For instance, it makes sense to explore sources of energy other than fossil fuels. One well-trodden piece of popular wisdom which irritates me no end is that Malta has no natural resources. This is nonsense. The sun for example is an excellent resource, provided one can be bothered.
It’s largely a matter of perception. One of the reasons I so love Anderson’s There will be blood (2007) is that it portrays wonderfully well the spectacle of striking oil.
That’s probably also why our politicians like to remind us of the secret life of rocks every time an election approaches. Solar panels may be effective but they contain less theatre. Another good thing about the spiralling cost of energy is that it prompts us to revisit old conservation techniques. Leafing through the latest issue of Kamra tal-Periti’s The Architect, it’s striking to see just how high-profile energy efficiency has become.
I happen to live in an old house, insulated against the elements by deffun (terracotta roofing) and imramma (infill). Ventilation is provided by long vertical shafts (ċmieni) that run the height of the building. One of the results is that air-conditioning is quite simply not on my agenda. Carol Jaccarini’s charming book Ir-Razzett (2002) should be compulsory reading for architects.
Electricity and water – and in Malta these two are much the same thing, given that reverse osmosis is really a swap – shouldn’t come cheap, even if that were possible. With a global population of over seven billion, one would have to be exceptionally brazen not to concede the point.
One might object that I argue from a position of relative privilege; that higher bills end up consigning people with low incomes to energy poverty. To which I’d say two things.
First, the short term. Higher bills needn’t rule out special assistance to vulnerable groups. It’s the promise of lower kontijiet across the board that is so silly, rather than forgiving rates to those who reallyneed them.
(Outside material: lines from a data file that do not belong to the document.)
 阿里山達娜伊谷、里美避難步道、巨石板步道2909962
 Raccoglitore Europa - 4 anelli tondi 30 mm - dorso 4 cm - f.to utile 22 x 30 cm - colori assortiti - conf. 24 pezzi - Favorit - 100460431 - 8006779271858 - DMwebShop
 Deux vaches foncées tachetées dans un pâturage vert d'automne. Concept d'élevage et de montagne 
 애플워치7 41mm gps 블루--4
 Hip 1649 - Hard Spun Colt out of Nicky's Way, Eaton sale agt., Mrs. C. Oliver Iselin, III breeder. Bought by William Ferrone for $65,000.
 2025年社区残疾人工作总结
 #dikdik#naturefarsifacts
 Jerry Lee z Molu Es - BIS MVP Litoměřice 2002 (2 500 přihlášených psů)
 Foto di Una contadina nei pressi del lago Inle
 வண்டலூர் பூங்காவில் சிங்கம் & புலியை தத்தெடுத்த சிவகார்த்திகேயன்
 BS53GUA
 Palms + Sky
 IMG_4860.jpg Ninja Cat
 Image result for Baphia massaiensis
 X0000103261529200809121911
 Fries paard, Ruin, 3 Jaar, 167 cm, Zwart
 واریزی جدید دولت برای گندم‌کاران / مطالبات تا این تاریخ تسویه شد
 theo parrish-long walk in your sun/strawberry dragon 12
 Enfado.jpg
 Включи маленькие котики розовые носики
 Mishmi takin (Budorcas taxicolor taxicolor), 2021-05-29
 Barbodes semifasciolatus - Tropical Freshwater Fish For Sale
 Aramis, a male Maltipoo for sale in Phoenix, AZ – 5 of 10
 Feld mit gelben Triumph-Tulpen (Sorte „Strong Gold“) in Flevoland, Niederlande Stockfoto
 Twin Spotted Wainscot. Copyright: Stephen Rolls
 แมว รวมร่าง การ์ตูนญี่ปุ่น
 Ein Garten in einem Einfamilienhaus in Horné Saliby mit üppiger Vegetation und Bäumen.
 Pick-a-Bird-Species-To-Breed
Second, that efficiency and wise use tend to reduce energy poverty in the long term. Better-built homes are cheaper to run, for example, and make infinitely more sense than ranks of people on low income complaining (rightly, in some cases) that air-conditioning has become unaffordable. Which means that the way forward is certainly not to foster a sense of easy-come-easy-go.
I’m sure it would be quite possible for us to pay lower bills on fossil-fuel energy. Labour apparently would do it by cutting down on unnecessary expenses in various sectors (‘innaqqsu l-ħela’). I’d say do that by all means, but think twice before shrinking the kont.